In the records below, find the line with "Comprar Tela de" and the line with "The Blue Swimmers". Print both exactly, along with every line between them, and no other line.
++++ Records supplied
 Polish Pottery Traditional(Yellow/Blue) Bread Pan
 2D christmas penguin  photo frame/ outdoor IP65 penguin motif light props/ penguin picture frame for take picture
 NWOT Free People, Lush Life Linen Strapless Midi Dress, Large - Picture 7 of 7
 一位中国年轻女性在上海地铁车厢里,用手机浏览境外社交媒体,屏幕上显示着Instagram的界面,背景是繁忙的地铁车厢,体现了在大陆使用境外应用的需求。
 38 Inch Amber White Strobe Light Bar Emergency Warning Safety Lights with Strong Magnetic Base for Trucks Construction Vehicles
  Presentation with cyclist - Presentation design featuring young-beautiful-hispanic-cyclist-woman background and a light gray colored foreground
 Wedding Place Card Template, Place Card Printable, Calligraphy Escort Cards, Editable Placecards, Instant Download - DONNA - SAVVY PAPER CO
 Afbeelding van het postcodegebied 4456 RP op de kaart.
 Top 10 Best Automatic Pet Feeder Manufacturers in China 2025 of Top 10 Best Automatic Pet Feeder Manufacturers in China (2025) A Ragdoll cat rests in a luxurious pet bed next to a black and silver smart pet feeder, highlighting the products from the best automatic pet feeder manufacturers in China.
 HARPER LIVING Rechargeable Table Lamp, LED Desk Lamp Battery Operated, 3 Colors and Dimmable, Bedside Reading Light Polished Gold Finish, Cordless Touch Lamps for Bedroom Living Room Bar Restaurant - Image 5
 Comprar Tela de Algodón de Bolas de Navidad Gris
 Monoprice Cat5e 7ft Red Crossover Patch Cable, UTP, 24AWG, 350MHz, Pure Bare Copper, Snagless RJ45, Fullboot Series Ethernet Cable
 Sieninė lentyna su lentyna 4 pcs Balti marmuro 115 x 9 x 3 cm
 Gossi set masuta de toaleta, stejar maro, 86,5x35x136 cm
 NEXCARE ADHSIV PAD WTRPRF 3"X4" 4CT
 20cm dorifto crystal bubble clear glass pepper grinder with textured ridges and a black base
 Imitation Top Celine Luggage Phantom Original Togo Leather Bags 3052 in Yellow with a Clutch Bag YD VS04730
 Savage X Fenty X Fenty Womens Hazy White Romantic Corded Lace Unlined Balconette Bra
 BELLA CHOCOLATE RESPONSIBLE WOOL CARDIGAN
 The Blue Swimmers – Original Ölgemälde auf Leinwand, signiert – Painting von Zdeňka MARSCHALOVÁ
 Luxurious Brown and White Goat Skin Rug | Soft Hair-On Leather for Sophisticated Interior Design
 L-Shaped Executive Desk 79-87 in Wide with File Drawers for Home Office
++++++++
• _Task result_
 Comprar Tela de Algodón de Bolas de Navidad Gris
 Monoprice Cat5e 7ft Red Crossover Patch Cable, UTP, 24AWG, 350MHz, Pure Bare Copper, Snagless RJ45, Fullboot Series Ethernet Cable
 Sieninė lentyna su lentyna 4 pcs Balti marmuro 115 x 9 x 3 cm
 Gossi set masuta de toaleta, stejar maro, 86,5x35x136 cm
 NEXCARE ADHSIV PAD WTRPRF 3"X4" 4CT
 20cm dorifto crystal bubble clear glass pepper grinder with textured ridges and a black base
 Imitation Top Celine Luggage Phantom Original Togo Leather Bags 3052 in Yellow with a Clutch Bag YD VS04730
 Savage X Fenty X Fenty Womens Hazy White Romantic Corded Lace Unlined Balconette Bra
 BELLA CHOCOLATE RESPONSIBLE WOOL CARDIGAN
 The Blue Swimmers – Original Ölgemälde auf Leinwand, signiert – Painting von Zdeňka MARSCHALOVÁ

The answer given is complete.